> **WORK TO COMPLETE**
For this exercise, return only the lines in the records below from the one holding "Marietta tattoo studio" through the one holding "Британська довгошерста", including both, exactly as they appear and without pictures.

** RAW DATA follows **

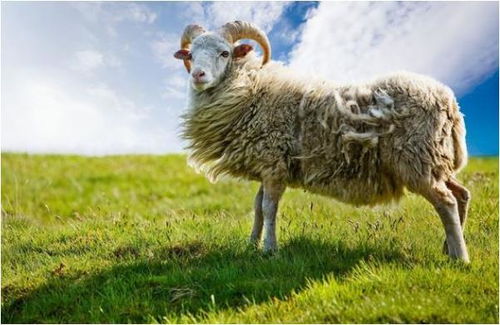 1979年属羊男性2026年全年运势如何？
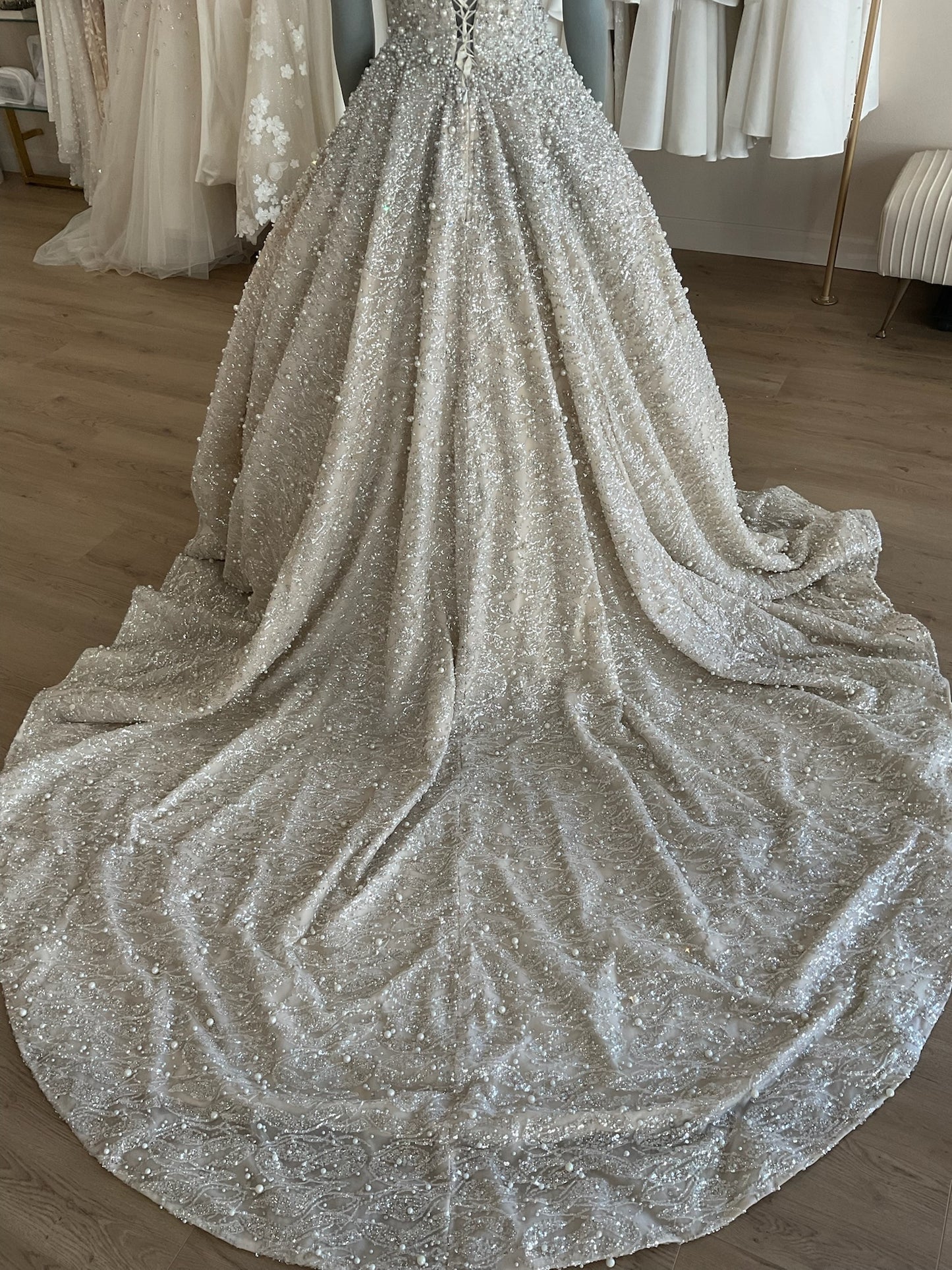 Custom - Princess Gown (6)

** End of RAW DATA **
** RAW DATA follows **

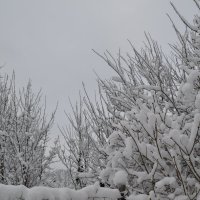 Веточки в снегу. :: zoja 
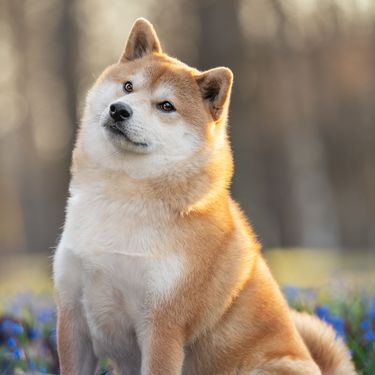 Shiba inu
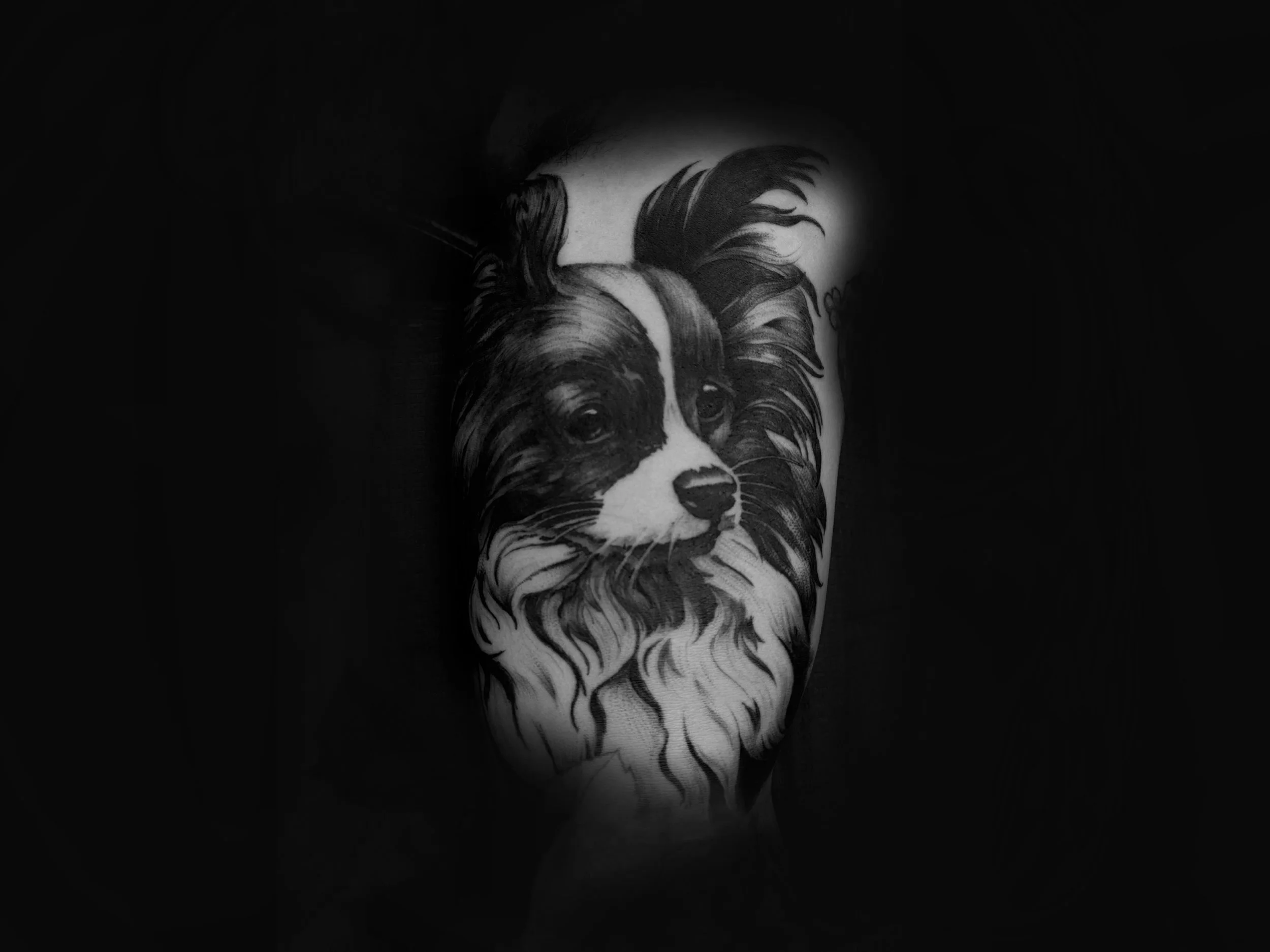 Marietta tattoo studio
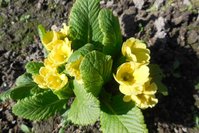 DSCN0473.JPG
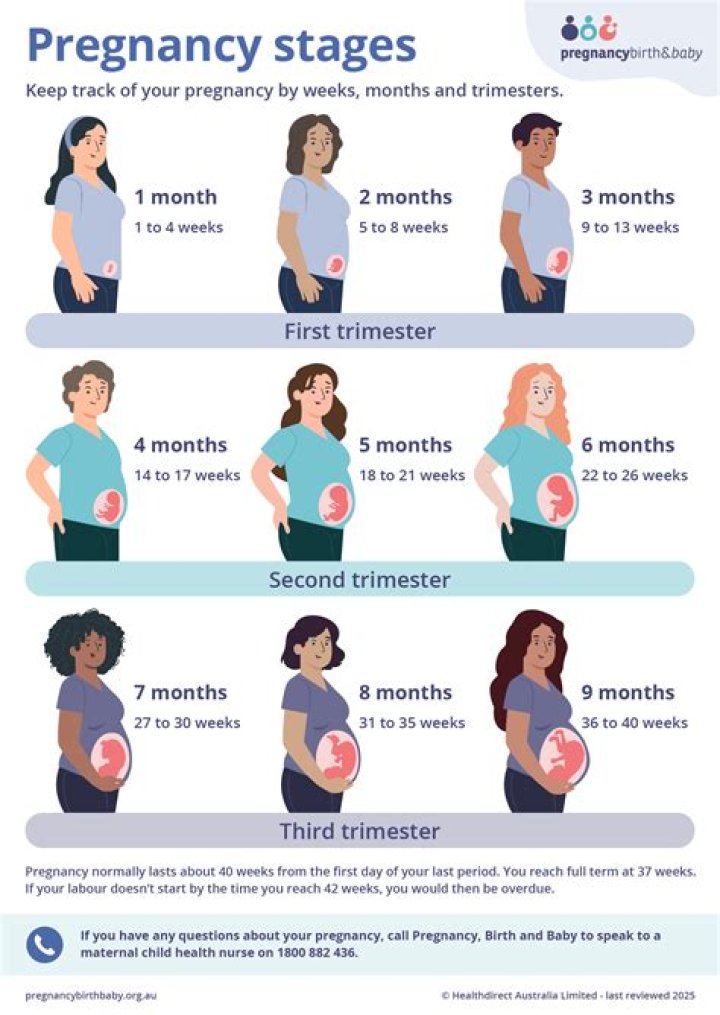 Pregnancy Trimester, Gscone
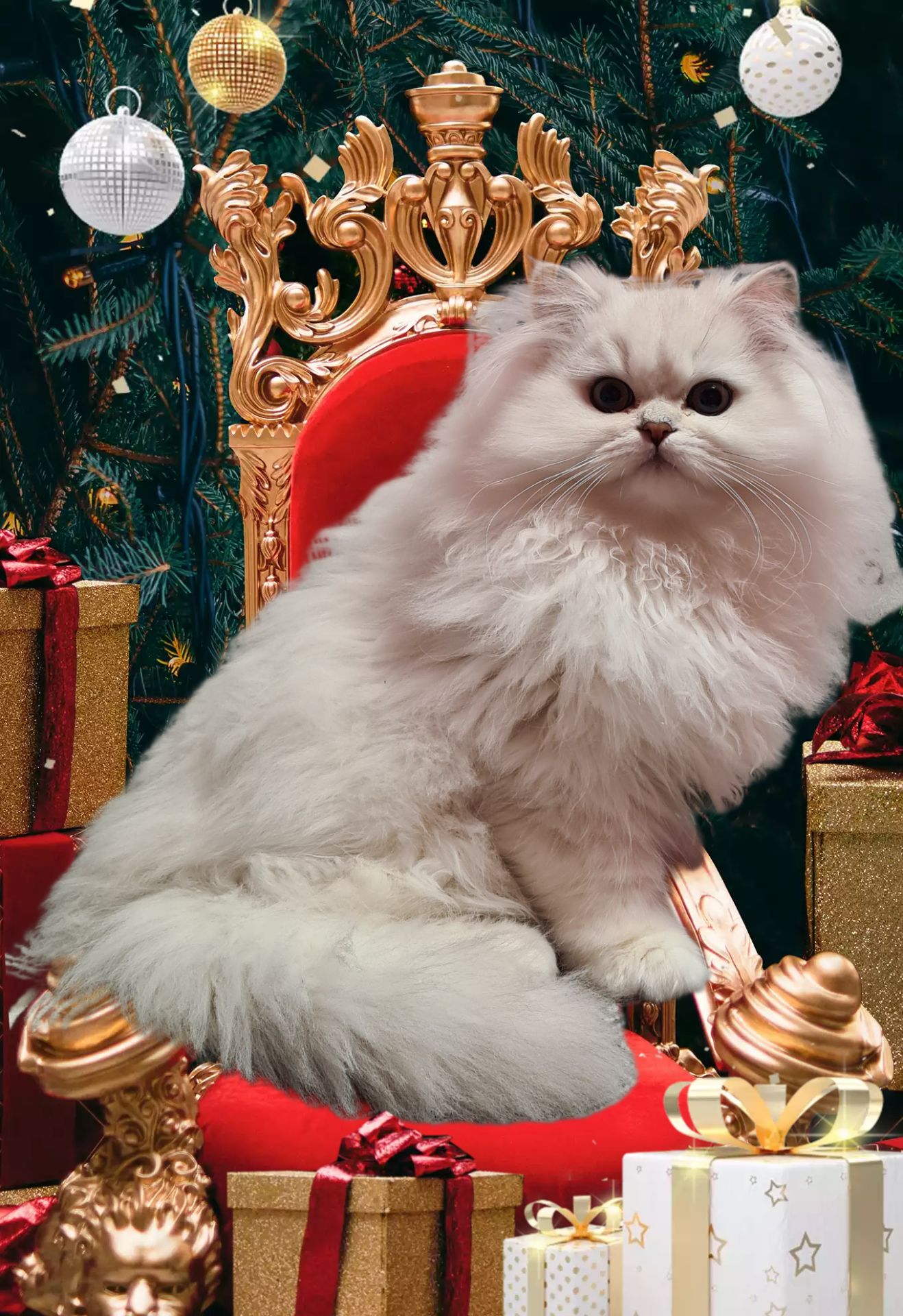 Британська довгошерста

** End of RAW DATA **

> **EXERCISE SOLUTION**
 Marietta tattoo studio
 DSCN0473.JPG
 Pregnancy Trimester, Gscone
 Британська довгошерста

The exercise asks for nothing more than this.